Mastering MySQL Data Types: CHAR vs. VARCHAR with a Dash of Matillion ETL

Hi, As I dive into the intricacies of MySQL databases and Matillion ETL, I'm seeking some enlightenment regarding the disparities between CHAR and VARCHAR. Specifically, I'm eager to understand how these choices might harmonize within the Matillion ETL environment. Could someone provide some guidance on this intricate dance?

 

Let's begin by sharing a CodeIgniter model snippet and MySQL table structure:

 

[code]class Customer_model extends CI_Model {

  public function add_customer($customer_id, $customer_name, $email) {

    $data = array(

      'customer_id' => $customer_id,

      'customer_name' => $customer_name,

      'email' => $email

    );

 

    $this->db->insert('customers', $data);

    return $this->db->insert_id();

  }

}

[/code]

 

[code]

CREATE TABLE customers (

  id INT AUTO_INCREMENT PRIMARY KEY,

  customer_id CHAR(8),

  customer_name VARCHAR(50),

  email VARCHAR(255)

);

[/code]

 

Question 1: CHAR vs. VARCHAR in MySQL

For the customer_id, I've used CHAR(8), and for customer_name, I've chosen VARCHAR(50). Can someone unravel the key distinctions between CHAR and VARCHAR in MySQL, specifically considering storage efficiency? How might these choices align with data transformation processes in Matillion ETL?

 

Question 2: Matillion ETL Integration

Considering the Matillion ETL tool, are there considerations or best practices when working with VARCHAR fields like customer_name or email in MySQL? How does the choice between CHAR and VARCHAR influence data transformations within Matillion ETL, and are there optimizations or configurations to enhance compatibility?

 

Question #3: ETL Efficiency with MySQL Data Types

In the context of data transfer between MySQL and Matillion ETL, does the decision between CHAR and VARCHAR affect the performance of data transformation and loading processes? Are there any special Matillion ETL capabilities or setups that work better with one sort of data than another?

 

Question 4: The Impact on Matillion ETL Job Design

Finally, when developing ETL tasks in Matillion, how do the MySQL data types used affect the design and efficiency of transformation components? Are there any disadvantages or advantages to utilizing CHAR or VARCHAR fields in MySQL when communicating with Matillion ETL job components?

 

Your wisdom on these questions will be a beacon as I navigate the MySQL landscape in tandem with Matillion ETL. Thanks a million for sharing your insights!

 

 

 

 

Hi @vish234al

Thank you for a really well-written question, I took this away and spoke to my colleagues about your questions on this subject and have a series of answers for you, of course, the community can also share their thoughts too!

Question 1:

CHAR fields are fixed-length; a CHAR(8) will always use 8 space units, and values shorter than this will be marked with a terminating character. VARCHAR stores the number of characters that are required, and no more. VARCHAR is always more space efficient. However, storing a variable number of characters comes at a price - if all fields in a record are fixed-length, then the DB can access the next record in storage by jumping a fixed distance ahead. This is very fast. The jump ahead for variable length fields must either be calculated each time, or for longer fields (MySQL docs suggest 768 characters) they are stored 'off page', ie. in a separate storage area, and need to be looked up when referenced. (The DB won't look them up unless it needs to, however.) This is slower for some operations, but since less data need to be read from disk, may actually be faster in some cases.
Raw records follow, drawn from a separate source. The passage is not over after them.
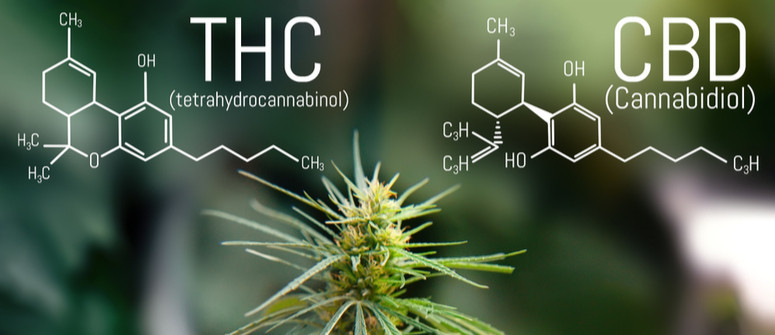 Was ist das beste CBD:THC-Verhältnis in Cannabis?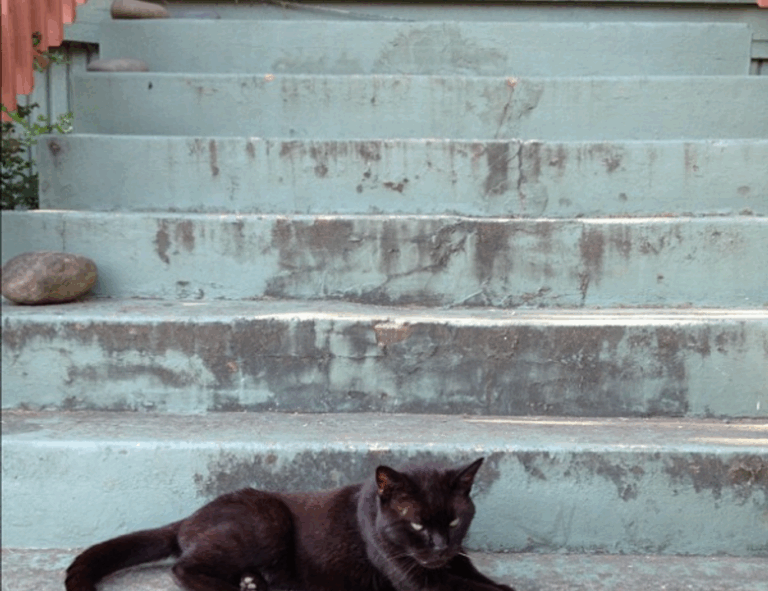 is kayudapu rich in iron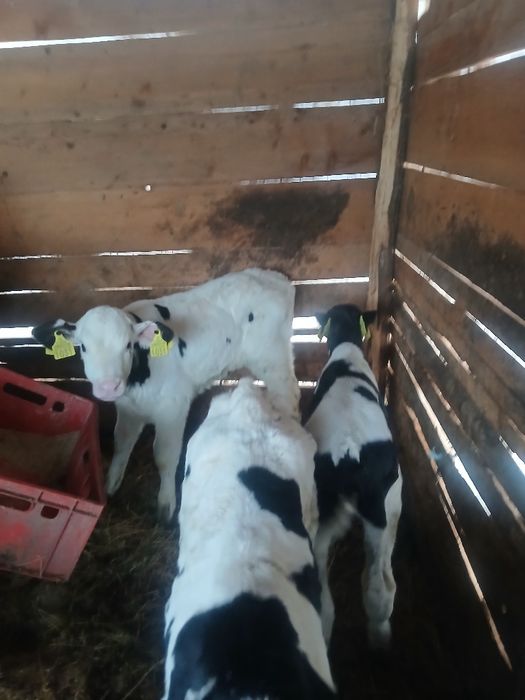 Vând 3 tauras  semi antercat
For things like customer IDs, which are short and usually a fixed length, CHAR makes sense. Transitioning to VARCHAR needs to be judged on a 'contents' basis. For things like customer names, which will not (usually) be needed in lookup operations and which can be quite variable in length, especially as part of the size of the complete record, VARCHAR makes sense. Which is 'faster' will also depend on fine details like database and driver version; the database default values are usually well-tuned for most use cases.

Matillion ETL uses Java 'String' types internally for all character-like types and usually works in 'push down' mode for transformations, handing these decisions off to the database. Your decision should be made based on the information to be stored in that column only.

Question 2:

As before; no. METL usually won't handle your data directly, and when it does (eg. in staging operations), it uses a generic string data type.

Question 3:

In contexts of data transfer, the most efficient storage type in terms of space will be optimal - whatever is most compact will transfer faster. METL does not benefit internally from CHAR v VARCHAR types.

Question 4:

There are no advantages either way - our transformation components work equally well on CHAR and VARCHAR. The SQL which is generated will be executed by the database engine, which may work more efficiently on certain types, as per the first answer.

I hope this helps, feel free to reach out with any other questions.

Kind regards, Joe

hi joe,

thank you so much for your help